- RECORDS PROVIDED -
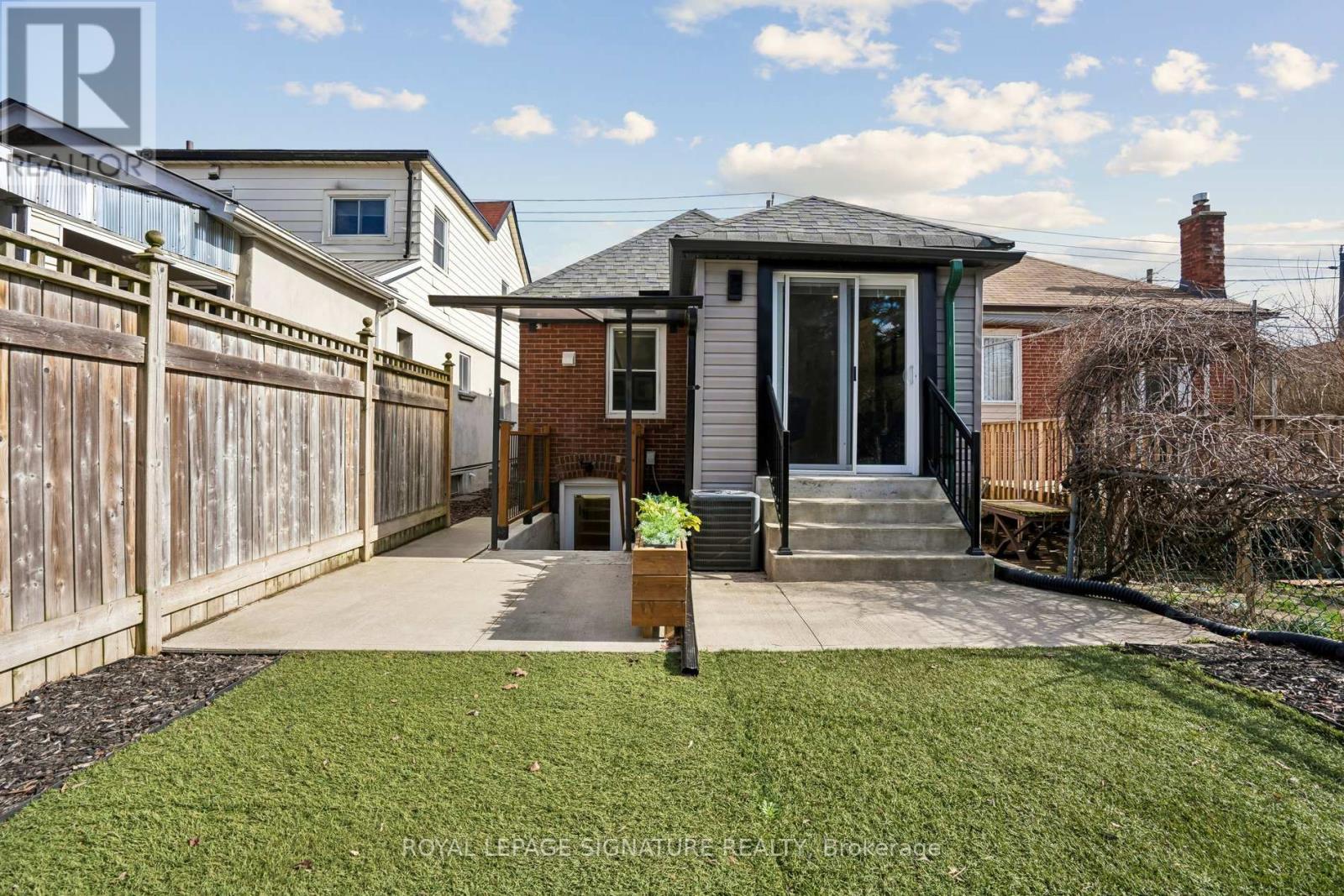 972 Cosburn Avenue, Toronto, Ontario  M4C 2W9 - Photo 46 - E13121820
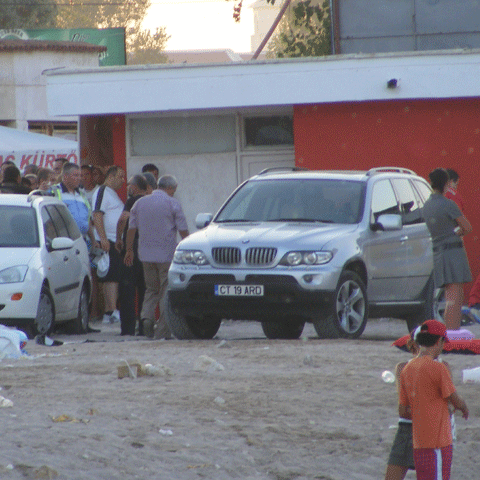 Pe plajele din România se trage cu pistolul, se fac raliuri cu motoscutere, iar turiştii sunt loviţi de maşină sau de ski-jet. Povesteşte-ne şi tu cum ţi-au stricat şmecherii de bani gata concediul!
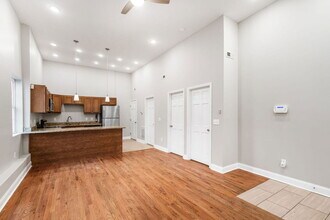 77 E 7th Ave in Columbus, OH - Foto de edificio - Building Photo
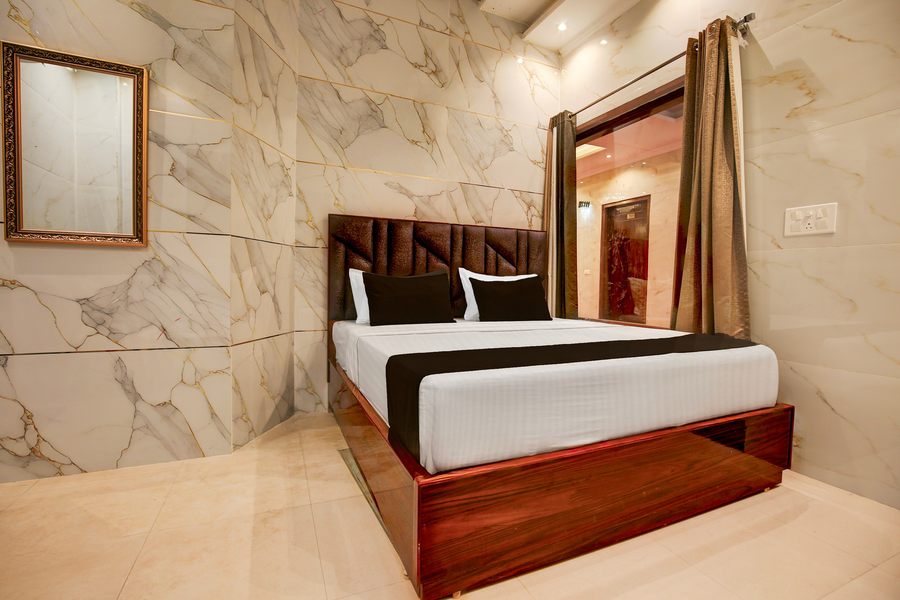 townhouse by oyo chandigarh near pec pgi pu formerly hotel paradise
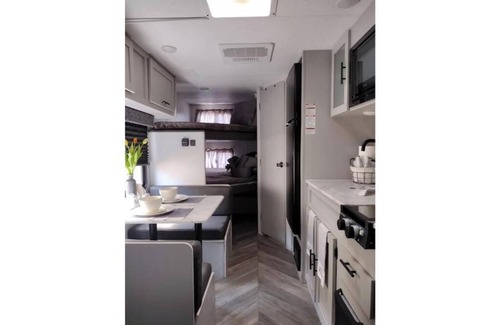 Flagami House | Delightful One Bedroom Camper with parking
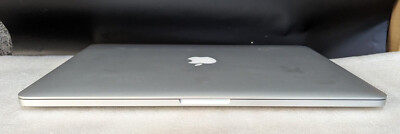 MacBook Pro (Retina, 15-inch, Mid 2015) 2.2 GHz Intel Core i7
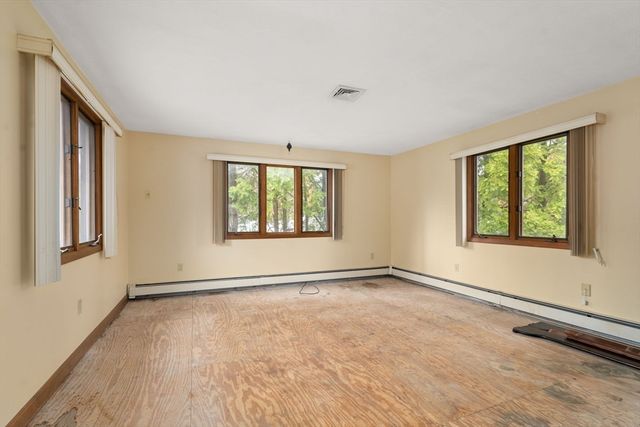 4 Greenwich Rd, Norwood, MA 02062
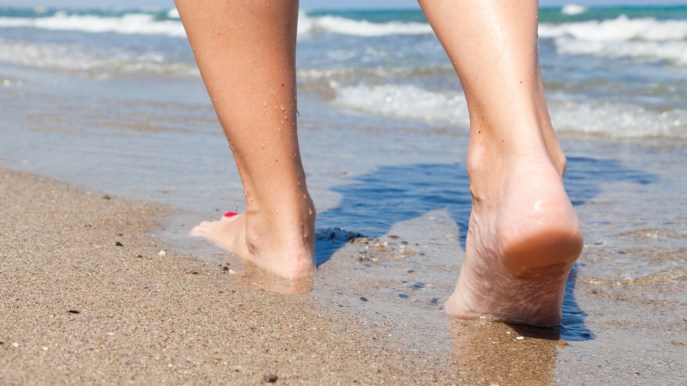 Equilibrio e circolazione: i vantaggi del camminare a piedi nudi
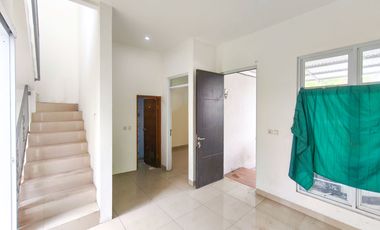 Rumah SHM 2 Lt Siap KPR 15 Mnt ke Scientia Square Park J-41131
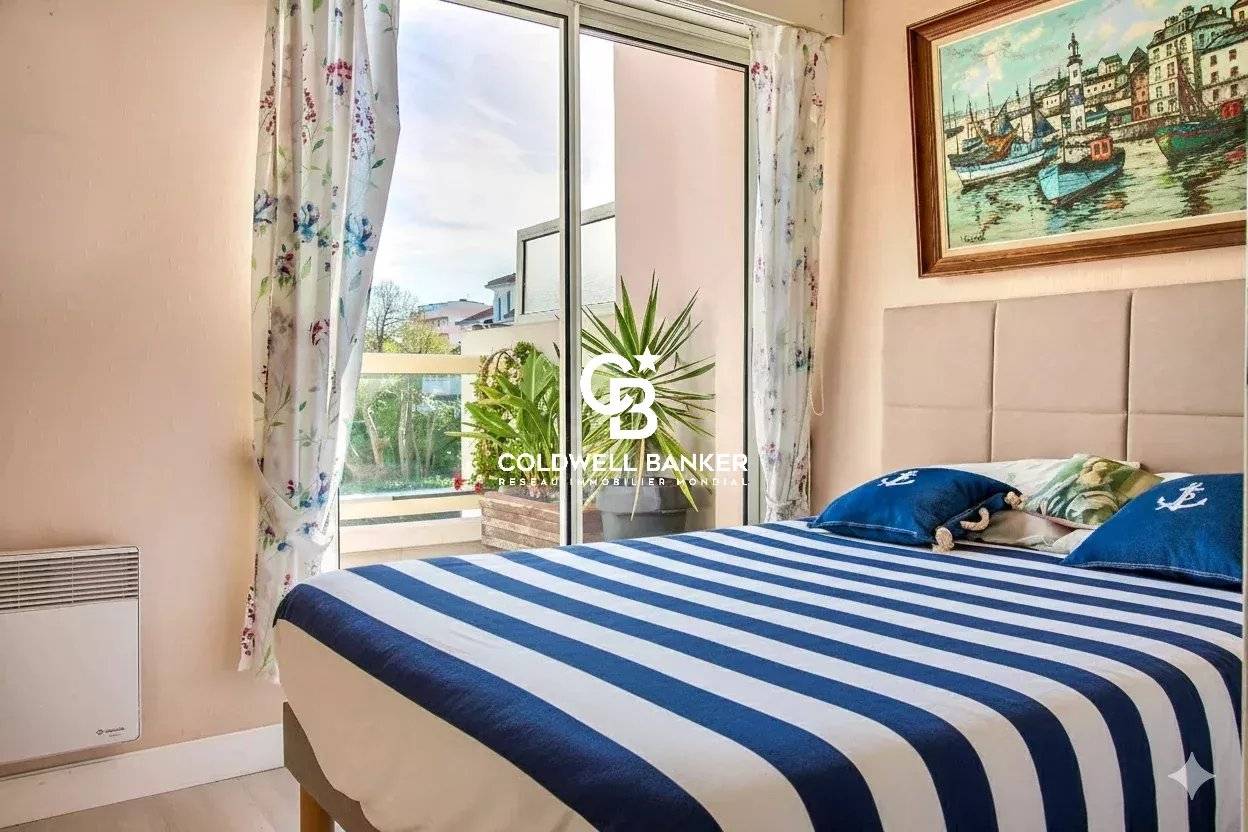 Appartement à vendre Arcachon – T2, aperçu bassin, parking et emplacement privilégié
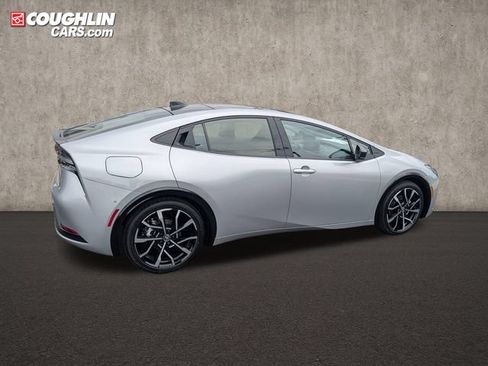 New 2026 Toyota Prius Plug-In Hybrid w/ Limited Premium Package FWD image 9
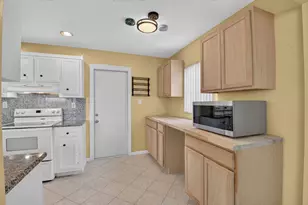 1710 SW 20th St, Boynton Beach, FL 33426 - Photo 14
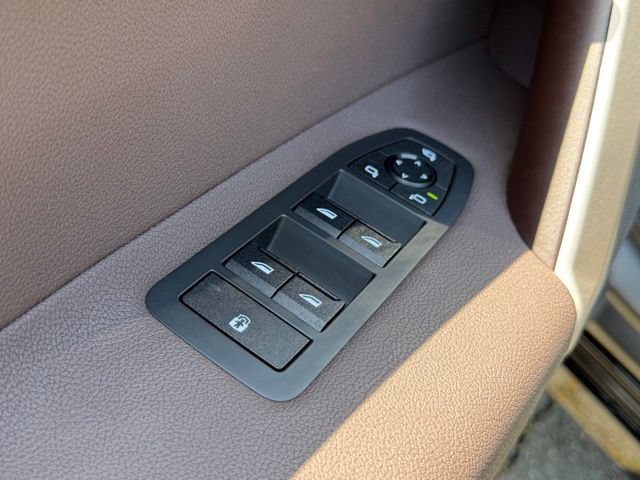 Certified 2024 BMW iX xDrive50 w/ Sport Package AWD/4WD image 20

- PROBLEM -
Find the line that contains "MacBook Pro (Retina, 15-inch, Mid", then write out that line and each one after it, exactly and with nothing else, through the end of the entries above, without the pictures.

- EXERCISE OUTPUT -
 MacBook Pro (Retina, 15-inch, Mid 2015) 2.2 GHz Intel Core i7
 4 Greenwich Rd, Norwood, MA 02062
 Equilibrio e circolazione: i vantaggi del camminare a piedi nudi
 Rumah SHM 2 Lt Siap KPR 15 Mnt ke Scientia Square Park J-41131
 Appartement à vendre Arcachon – T2, aperçu bassin, parking et emplacement privilégié
 New 2026 Toyota Prius Plug-In Hybrid w/ Limited Premium Package FWD image 9
 1710 SW 20th St, Boynton Beach, FL 33426 - Photo 14
 Certified 2024 BMW iX xDrive50 w/ Sport Package AWD/4WD image 20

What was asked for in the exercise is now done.